Under this line sits a listing. Repeat exactly and only its lines from the one holding "fortuna de nobru" through the one holding "RAF Special Duties: A"; skip pictures.

--- ENTRIES SHOWN ---
=== Begin Enclosure ===
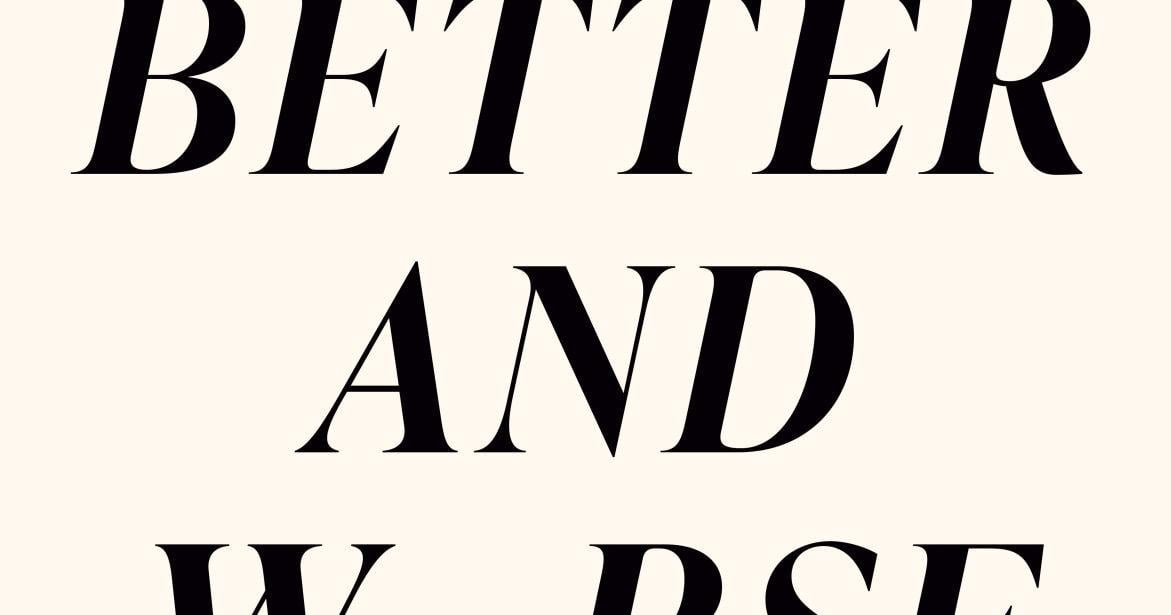 Book review: 'For Better and Worse' dives into the institution of marriage, how it's changed over time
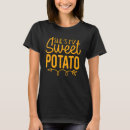 Search for sweet potato tshirts Yam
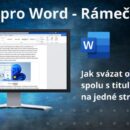 (Čeština) Vložení rámečku pro svázání textu a objektu ve Wordu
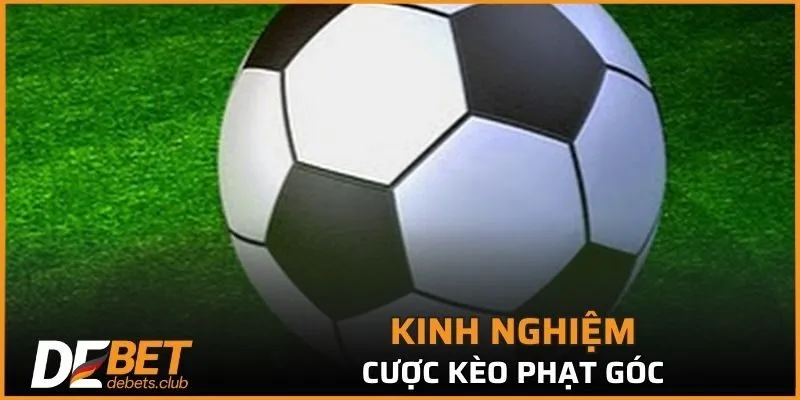 Kèo Phạt Góc - Kinh Nghiệm Cá Cược Hiệu Quả Nhất Năm 2026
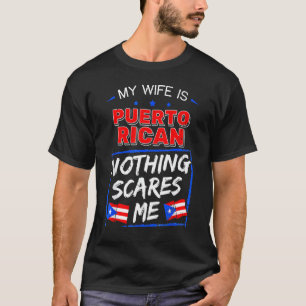 Camiseta Mi esposa es puertorriqueña, nada me asusta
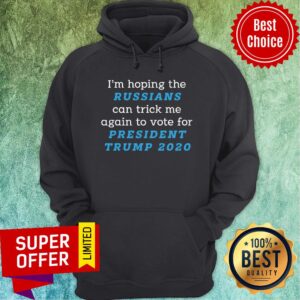 Alternative view of I’m Hoping The Russians Can Trick Me Again To Vote For President Trump 2020 Shirt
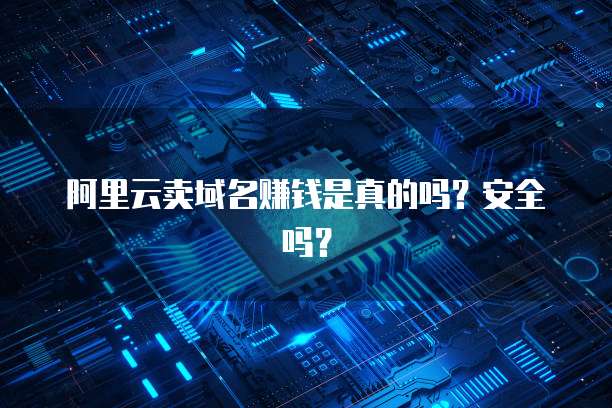 阿里云卖域名赚钱是真的吗?安全吗?
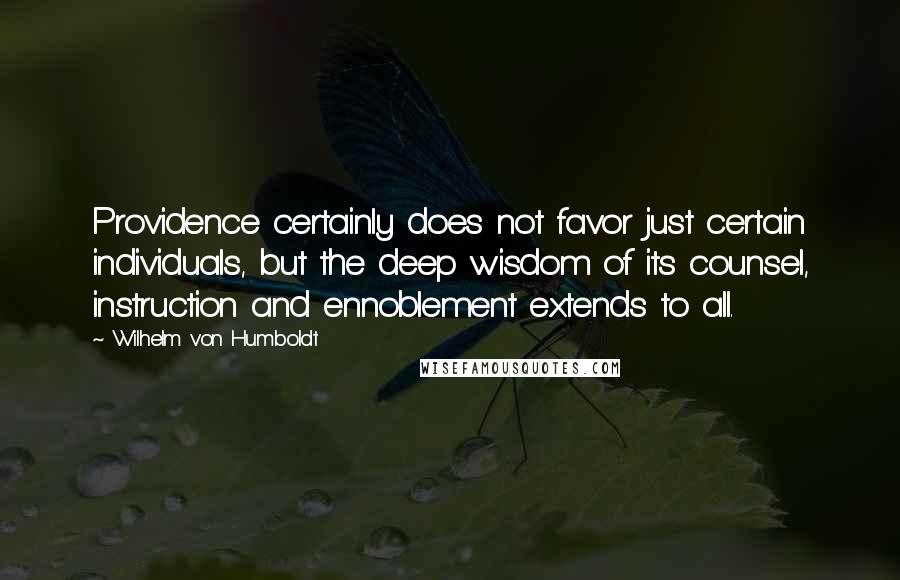 Wilhelm Von Humboldt Quotes: Providence certainly does not favor just certain individuals, but the deep wisdom of its counsel, instruction and ennoblement extends to all.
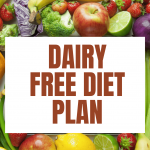 Dairy Free Diet Plan and It’s Benefits Dairy Free Diet Plan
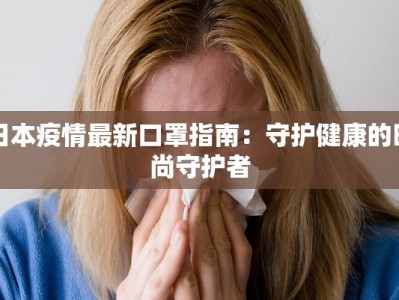 日本疫情最新口罩指南：守护健康的时尚守护者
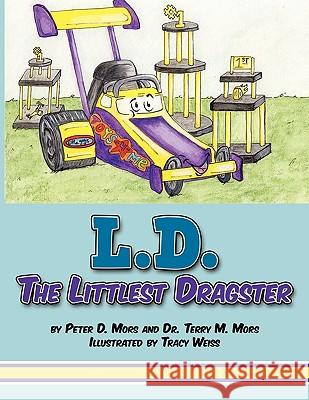 L.D. the Littlest Dragster Mors, Peter D. 9781438974453 Authorhouse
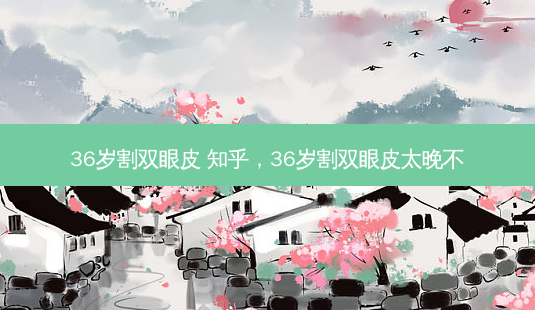 36岁割双眼皮 知乎，36岁割双眼皮太晚不-第1张图片-容颜讯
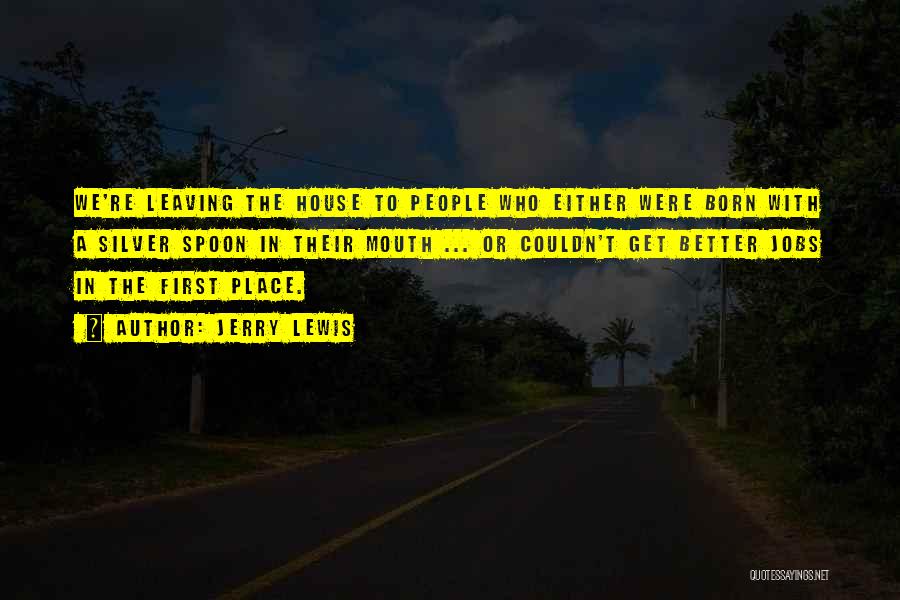 Jerry Lewis Quotes: We're Leaving The House To People Who Either Were Born With A Silver Spoon In Their Mouth ... Or Couldn't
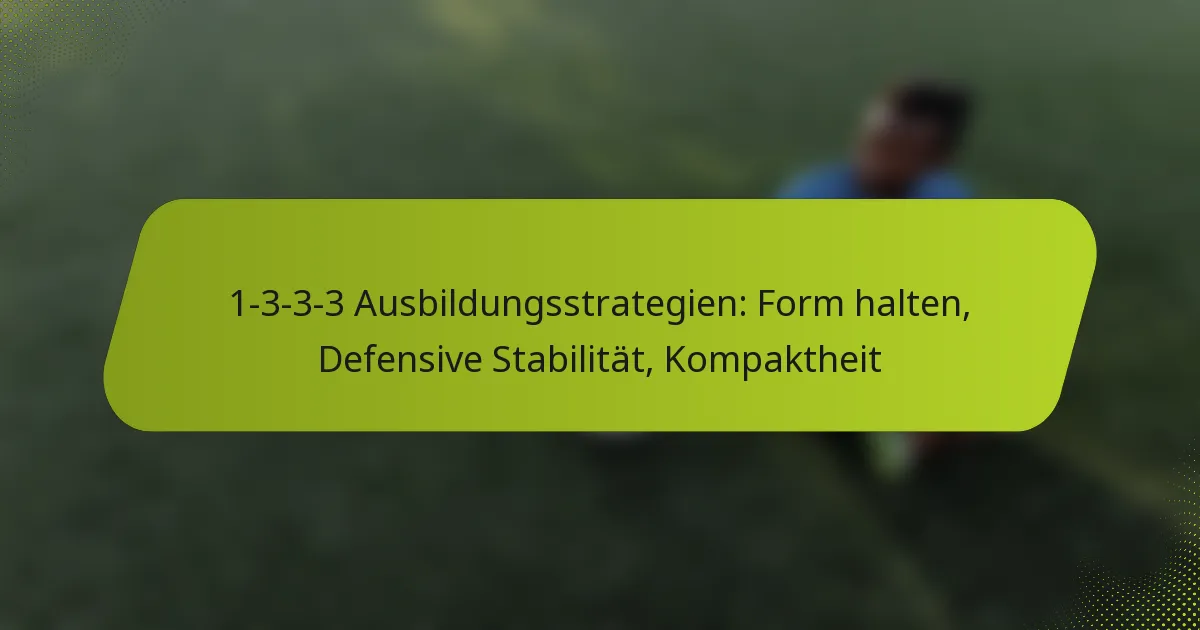 featured-image-1-3-3-3-ausbildungsstrategien-form-halten-defensive-stabilitat-kompaktheit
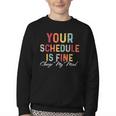 'Your Schedule Is Fine' Back To School Headstart Fun Youth Crewneck Sweatshirt 'Your Schedule Is Fine' Back To School Headstart Fun Youth Crewneck Sweatshirt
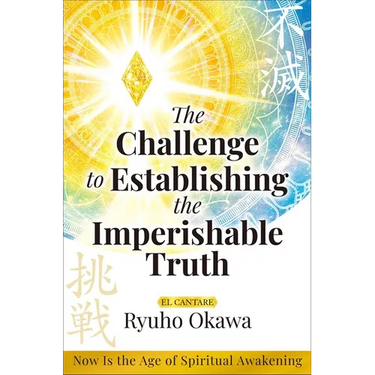The Challenge to Establishing the Imperishable Truth: Now Is the Age of Spiritual Awakening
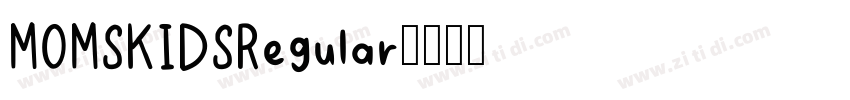 MOMSKIDSRegular字体转换 MOMSKIDSRegular字体转换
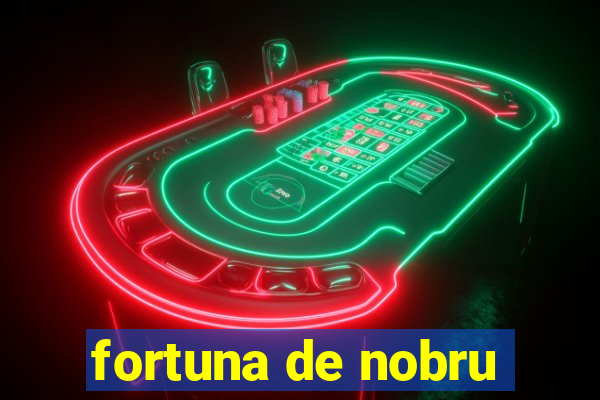 fortuna de nobru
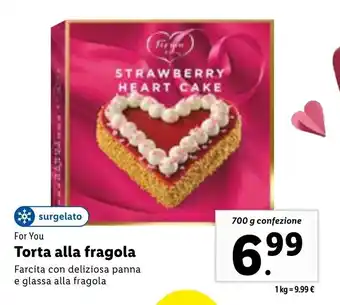 Lidl For You Torta alla fragola 700 g confezione offerta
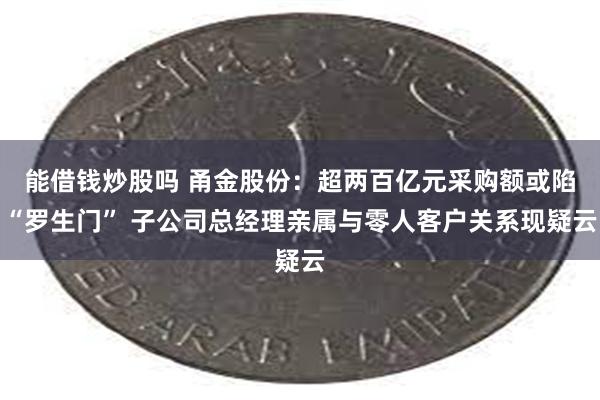 能借钱炒股吗 甬金股份：超两百亿元采购额或陷“罗生门” 子公司总经理亲属与零人客户关系现疑云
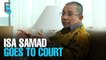 EVENING 5: Isa Samad goes to court tomorrow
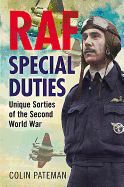 RAF Special Duties: A Collection of Exclusive Operational Flying Sorties by the Royal Air Fo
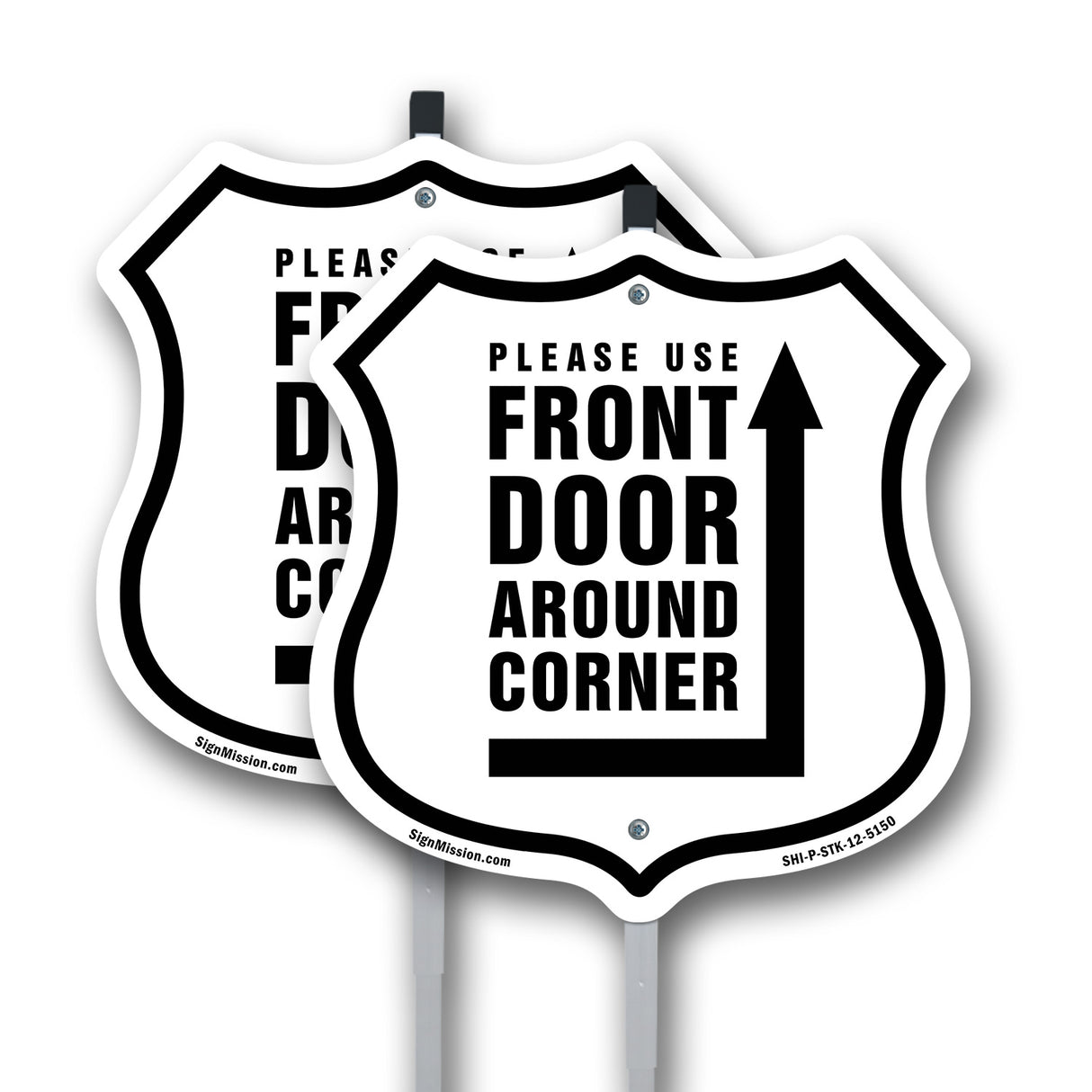 Please Use Front Door Around Corner Left Up Arrow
=== End Enclosure ===
--- ANSWER TO THIS TASK ---
 fortuna de nobru
 Lidl For You Torta alla fragola 700 g confezione offerta
 能借钱炒股吗 甬金股份：超两百亿元采购额或陷“罗生门” 子公司总经理亲属与零人客户关系现疑云
 EVENING 5: Isa Samad goes to court tomorrow
 RAF Special Duties: A Collection of Exclusive Operational Flying Sorties by the Royal Air Fo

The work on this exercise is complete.